Center for Marine Environmental Studies (CMES), Ehime University, Bunkyo-cho 2-5, Matsuyama 790-8577, Japan.
Department of Life and Nanopharmaceutical Science, Kyung Hee University, Seoul 130-701, Republic of Korea; Department of Biology, Kyung Hee University, Seoul 130-701, Republic of Korea.
Aquat Toxicol. 2014 Sep;154:39-47. doi: 10.1016/j.aquatox.2014.05.001. Epub 2014 May 10.

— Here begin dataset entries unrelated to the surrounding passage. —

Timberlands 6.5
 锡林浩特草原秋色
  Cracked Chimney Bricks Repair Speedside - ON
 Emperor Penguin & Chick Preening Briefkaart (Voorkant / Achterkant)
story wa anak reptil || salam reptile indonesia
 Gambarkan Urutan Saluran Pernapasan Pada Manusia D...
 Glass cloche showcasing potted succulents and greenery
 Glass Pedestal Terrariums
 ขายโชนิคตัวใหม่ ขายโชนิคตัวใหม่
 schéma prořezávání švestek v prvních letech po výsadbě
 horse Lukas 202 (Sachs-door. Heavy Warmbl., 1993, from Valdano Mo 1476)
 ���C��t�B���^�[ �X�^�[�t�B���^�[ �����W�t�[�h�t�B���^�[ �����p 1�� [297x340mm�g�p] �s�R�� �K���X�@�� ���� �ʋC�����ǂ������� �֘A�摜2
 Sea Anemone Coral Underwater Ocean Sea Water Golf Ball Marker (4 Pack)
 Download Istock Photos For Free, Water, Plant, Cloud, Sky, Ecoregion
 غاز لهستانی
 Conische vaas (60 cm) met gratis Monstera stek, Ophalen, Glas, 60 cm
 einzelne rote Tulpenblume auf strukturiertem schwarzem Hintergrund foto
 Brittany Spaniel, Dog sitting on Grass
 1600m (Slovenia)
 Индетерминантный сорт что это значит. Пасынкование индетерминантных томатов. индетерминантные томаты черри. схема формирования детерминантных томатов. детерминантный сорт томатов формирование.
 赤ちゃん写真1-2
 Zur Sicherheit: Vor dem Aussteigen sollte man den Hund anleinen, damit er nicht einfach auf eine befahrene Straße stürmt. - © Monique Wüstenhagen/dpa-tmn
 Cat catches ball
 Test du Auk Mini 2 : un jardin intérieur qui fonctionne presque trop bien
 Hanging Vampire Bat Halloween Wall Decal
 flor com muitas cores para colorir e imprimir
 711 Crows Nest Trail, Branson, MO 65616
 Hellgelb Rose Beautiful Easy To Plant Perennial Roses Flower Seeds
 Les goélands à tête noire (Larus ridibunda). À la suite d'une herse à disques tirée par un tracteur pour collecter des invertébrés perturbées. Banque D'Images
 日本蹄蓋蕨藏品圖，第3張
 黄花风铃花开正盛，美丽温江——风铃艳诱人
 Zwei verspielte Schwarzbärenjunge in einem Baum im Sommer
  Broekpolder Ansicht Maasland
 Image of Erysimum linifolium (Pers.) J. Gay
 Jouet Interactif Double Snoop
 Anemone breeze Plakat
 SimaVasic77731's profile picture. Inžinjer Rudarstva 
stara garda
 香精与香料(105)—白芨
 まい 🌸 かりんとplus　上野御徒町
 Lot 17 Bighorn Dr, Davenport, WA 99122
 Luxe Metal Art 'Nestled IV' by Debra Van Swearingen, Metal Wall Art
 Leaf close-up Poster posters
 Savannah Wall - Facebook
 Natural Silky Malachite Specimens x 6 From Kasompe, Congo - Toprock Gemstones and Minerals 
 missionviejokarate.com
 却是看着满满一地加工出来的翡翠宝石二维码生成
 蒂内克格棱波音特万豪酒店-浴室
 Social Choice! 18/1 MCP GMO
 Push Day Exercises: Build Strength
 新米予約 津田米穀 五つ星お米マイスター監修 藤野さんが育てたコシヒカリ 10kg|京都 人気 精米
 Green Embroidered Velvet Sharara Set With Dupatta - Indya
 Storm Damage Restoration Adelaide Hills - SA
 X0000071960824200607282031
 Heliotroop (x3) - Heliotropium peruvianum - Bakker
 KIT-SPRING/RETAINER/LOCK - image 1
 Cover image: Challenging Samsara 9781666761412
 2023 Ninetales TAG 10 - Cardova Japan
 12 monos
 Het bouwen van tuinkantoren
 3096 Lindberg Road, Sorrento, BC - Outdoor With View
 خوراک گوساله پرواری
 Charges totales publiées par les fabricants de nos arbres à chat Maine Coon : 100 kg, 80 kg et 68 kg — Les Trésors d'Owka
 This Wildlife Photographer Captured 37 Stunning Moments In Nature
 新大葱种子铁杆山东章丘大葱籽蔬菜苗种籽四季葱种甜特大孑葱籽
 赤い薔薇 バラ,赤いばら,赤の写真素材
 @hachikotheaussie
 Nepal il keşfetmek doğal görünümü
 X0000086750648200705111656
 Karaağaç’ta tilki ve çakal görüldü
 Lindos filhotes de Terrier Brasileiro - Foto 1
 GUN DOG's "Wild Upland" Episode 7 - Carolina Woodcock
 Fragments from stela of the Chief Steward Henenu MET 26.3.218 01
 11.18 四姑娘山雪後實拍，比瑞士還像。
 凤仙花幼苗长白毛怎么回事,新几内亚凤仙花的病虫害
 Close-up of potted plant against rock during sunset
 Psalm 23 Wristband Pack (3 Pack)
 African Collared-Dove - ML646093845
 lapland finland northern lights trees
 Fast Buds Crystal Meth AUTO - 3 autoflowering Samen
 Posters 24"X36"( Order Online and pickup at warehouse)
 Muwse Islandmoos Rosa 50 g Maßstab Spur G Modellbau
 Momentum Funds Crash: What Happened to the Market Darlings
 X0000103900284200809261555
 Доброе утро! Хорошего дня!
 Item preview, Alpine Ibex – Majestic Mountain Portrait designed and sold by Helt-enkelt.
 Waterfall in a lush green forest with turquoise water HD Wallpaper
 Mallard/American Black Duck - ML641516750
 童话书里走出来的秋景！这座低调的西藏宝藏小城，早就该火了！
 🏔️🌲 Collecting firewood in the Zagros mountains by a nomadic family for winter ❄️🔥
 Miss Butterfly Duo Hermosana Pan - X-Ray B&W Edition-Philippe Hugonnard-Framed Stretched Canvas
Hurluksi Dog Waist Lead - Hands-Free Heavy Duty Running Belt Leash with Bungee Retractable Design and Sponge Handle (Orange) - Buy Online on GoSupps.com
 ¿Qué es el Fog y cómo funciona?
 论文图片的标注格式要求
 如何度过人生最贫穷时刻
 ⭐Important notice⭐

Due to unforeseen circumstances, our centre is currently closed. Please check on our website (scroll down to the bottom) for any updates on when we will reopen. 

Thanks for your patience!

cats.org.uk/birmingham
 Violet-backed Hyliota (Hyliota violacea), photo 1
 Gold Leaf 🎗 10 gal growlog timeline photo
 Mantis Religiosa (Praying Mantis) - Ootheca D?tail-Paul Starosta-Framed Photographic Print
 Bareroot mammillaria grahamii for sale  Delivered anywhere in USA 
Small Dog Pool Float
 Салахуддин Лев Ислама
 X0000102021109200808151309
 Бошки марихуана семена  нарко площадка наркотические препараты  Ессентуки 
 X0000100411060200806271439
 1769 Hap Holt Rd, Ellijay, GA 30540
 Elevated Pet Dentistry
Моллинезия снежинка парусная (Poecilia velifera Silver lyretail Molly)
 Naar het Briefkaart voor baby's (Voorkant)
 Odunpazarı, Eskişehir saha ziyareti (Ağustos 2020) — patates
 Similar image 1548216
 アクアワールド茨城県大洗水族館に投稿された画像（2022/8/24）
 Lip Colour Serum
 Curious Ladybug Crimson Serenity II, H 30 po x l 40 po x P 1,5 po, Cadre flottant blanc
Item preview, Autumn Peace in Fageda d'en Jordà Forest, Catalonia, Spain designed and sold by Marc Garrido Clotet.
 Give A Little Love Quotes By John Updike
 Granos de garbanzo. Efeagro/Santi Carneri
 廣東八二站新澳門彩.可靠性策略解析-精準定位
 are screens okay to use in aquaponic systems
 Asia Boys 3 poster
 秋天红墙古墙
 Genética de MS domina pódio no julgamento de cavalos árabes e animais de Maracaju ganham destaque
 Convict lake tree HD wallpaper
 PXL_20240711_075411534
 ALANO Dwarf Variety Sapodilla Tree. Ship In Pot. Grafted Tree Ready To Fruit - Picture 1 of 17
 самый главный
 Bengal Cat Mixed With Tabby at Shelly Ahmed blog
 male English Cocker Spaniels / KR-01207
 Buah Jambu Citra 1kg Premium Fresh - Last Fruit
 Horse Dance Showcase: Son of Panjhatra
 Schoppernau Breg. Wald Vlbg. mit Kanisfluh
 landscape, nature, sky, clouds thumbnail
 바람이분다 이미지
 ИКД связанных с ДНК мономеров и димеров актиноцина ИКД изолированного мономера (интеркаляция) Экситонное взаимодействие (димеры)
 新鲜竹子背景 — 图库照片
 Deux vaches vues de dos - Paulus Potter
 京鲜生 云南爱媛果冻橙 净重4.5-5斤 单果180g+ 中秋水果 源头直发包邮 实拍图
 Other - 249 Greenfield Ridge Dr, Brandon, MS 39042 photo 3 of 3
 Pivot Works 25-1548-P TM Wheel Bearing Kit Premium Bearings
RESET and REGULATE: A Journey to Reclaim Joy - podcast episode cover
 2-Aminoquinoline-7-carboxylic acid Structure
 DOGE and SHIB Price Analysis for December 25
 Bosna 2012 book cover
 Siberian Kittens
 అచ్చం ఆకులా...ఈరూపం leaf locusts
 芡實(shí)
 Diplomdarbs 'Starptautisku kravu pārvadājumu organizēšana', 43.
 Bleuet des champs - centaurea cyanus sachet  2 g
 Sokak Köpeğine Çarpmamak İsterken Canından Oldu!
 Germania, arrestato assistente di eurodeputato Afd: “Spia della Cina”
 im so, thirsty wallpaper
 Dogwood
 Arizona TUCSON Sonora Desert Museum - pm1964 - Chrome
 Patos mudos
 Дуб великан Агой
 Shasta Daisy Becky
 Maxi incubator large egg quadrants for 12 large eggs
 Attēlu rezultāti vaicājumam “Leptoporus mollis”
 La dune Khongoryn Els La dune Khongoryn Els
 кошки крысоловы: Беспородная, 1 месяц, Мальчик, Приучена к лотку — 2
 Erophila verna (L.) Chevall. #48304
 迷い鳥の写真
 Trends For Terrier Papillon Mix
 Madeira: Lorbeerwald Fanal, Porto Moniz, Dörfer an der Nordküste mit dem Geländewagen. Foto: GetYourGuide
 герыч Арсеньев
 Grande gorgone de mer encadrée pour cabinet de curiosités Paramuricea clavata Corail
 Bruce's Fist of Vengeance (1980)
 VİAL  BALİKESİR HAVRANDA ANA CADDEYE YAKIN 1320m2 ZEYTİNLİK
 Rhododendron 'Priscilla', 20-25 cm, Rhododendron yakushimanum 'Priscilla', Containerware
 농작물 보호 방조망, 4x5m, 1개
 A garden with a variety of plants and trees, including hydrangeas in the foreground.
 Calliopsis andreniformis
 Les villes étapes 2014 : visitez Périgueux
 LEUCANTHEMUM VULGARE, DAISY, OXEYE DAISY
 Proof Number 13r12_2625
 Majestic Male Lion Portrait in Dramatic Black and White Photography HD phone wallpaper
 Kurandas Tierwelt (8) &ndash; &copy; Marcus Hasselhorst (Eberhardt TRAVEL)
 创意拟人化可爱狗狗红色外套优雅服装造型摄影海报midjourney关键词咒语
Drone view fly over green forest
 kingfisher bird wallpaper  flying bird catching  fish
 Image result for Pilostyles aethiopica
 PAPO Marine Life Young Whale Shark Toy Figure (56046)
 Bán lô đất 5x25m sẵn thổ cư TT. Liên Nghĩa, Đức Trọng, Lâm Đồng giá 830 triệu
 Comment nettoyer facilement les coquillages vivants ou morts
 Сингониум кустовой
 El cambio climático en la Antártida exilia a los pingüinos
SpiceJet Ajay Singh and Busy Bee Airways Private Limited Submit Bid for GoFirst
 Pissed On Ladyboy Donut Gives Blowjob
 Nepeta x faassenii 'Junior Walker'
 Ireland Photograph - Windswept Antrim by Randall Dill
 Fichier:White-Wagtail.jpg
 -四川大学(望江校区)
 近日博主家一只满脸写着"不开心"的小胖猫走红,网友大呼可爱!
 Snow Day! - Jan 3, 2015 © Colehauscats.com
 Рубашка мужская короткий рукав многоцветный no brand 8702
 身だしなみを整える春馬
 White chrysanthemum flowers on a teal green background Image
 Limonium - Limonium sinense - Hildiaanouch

The toxicity of dioxins such as 2,3,7,8-tetrachlorodibenzo-p-dioxin (TCDD) is mainly mediated by an aryl hydrocarbon receptor (AHR), which regulates the transcription of multiple target genes including cytochrome P450 1A (CYP1A). Our pervious study identified the presence of TCDD-induced defects of peripheral nerve projection in red seabream (Pagrus major) embryos. However, it remains unclear whether the TCDD-induced peripheral neurotoxicity is mediated by the AHR. To assess the contribution of the red seabream AHR (rsAHR) signaling pathway to the neuronal toxicity, red seabream embryos at 10h post-fertilization (hpf) were treated for 80 min with TCDD (0, 0.3, 5.3, and 37 nM in seawater) alone or in combination with CH223191 (500 nM in seawater), which is an AHR antagonist. A preliminary in vitro reporter gene assay confirmed that TCDD-induced transcriptional activity via rsAHR1 and rsAHR2 was suppressed by CH223191 treatment in a dose-dependent manner. CYP1A mRNA expression in embryos was determined by 2-step real time quantitative-polymerase chain reaction at 24 and 120 hpf and in situ hybridization at 48, 72, 96 and 120 hpf. The morphology of the peripheral nerve system (PNS) was also microscopically observed by fluorescent staining using an anti-acetylated tubulin antibody at 120 hpf. CYP1A mRNA expression was dose-dependently induced by TCDD at all of the examined developing stages. The suppression of TCDD-induced CYP1A expression by CH223191 treatment was observed in embryos at 24 and 48 hpf, while the effect of the rsAHR antagonist disappeared at 96 and 120 hpf. This phenomenon indicated the transient suppression of TCDD-induced rsAHR activation by CH223191 treatment. The immunostaining of peripheral nerves at 120 hpf demonstrated that the projections of the craniofacial nerve were altered in TCDD-treated embryos, and the frequency of TCDD-induced abnormal projections was not prevented by co-treatment with CH223191. These results indicate that the transient suppression of TCDD-induced rsAHR activation during the early developing stages of the red seabream does not influence the abnormal projection of peripheral nerves. In conclusion, transient rsAHR activation in the early stages of development is not involved in the neurotoxicity.
二恶英如 2,3,7,8-四氯二苯并对二恶英(TCDD)的毒性主要通过芳烃受体(AHR)介导,其调节细胞色素 P450 1A(CYP1A)等多种靶基因的转录。我们之前的研究发现,红鲷鱼胚胎外周神经投射存在 TCDD 诱导的缺陷。然而,TCDD 诱导的周围神经毒性是否通过 AHR 介导仍不清楚。为了评估红鲷鱼 AHR(rsAHR)信号通路对神经元毒性的贡献,在受精后 10 小时(hpf)的红鲷鱼胚胎中,单独或与 CH223191(海水中 500 nM)联合处理 80 分钟,CH223191 是一种 AHR 拮抗剂。初步的体外报告基因分析证实,TCDD 通过 rsAHR1 和 rsAHR2 诱导的转录活性被 CH223191 处理以剂量依赖的方式抑制。在 24 和 120 hpf 时通过两步实时定量聚合酶链反应和 48、72、96 和 120 hpf 时通过原位杂交测定胚胎中 CYP1A mRNA 的表达。在 120 hpf 时,通过抗乙酰化微管蛋白抗体的荧光染色也在显微镜下观察到周围神经系统(PNS)的形态。TCDD 在所有检查的发育阶段均呈剂量依赖性诱导 CYP1A mRNA 表达。在 24 和 48 hpf 的胚胎中观察到 CH223191 处理抑制 TCDD 诱导的 CYP1A 表达,而 rsAHR 拮抗剂的作用在 96 和 120 hpf 时消失。这种现象表明 CH223191 处理瞬时抑制 TCDD 诱导的 rsAHR 激活。120 hpf 时外周神经的免疫染色表明,颅神经的投射在 TCDD 处理的胚胎中发生改变,并且 CH223191 共同处理不能防止 TCDD 诱导的异常投射。这些结果表明,在红鲷鱼早期发育阶段瞬时抑制 TCDD 诱导的 rsAHR 激活不会影响周围神经的异常投射。总之,早期发育阶段瞬时 rsAHR 激活不参与神经毒性。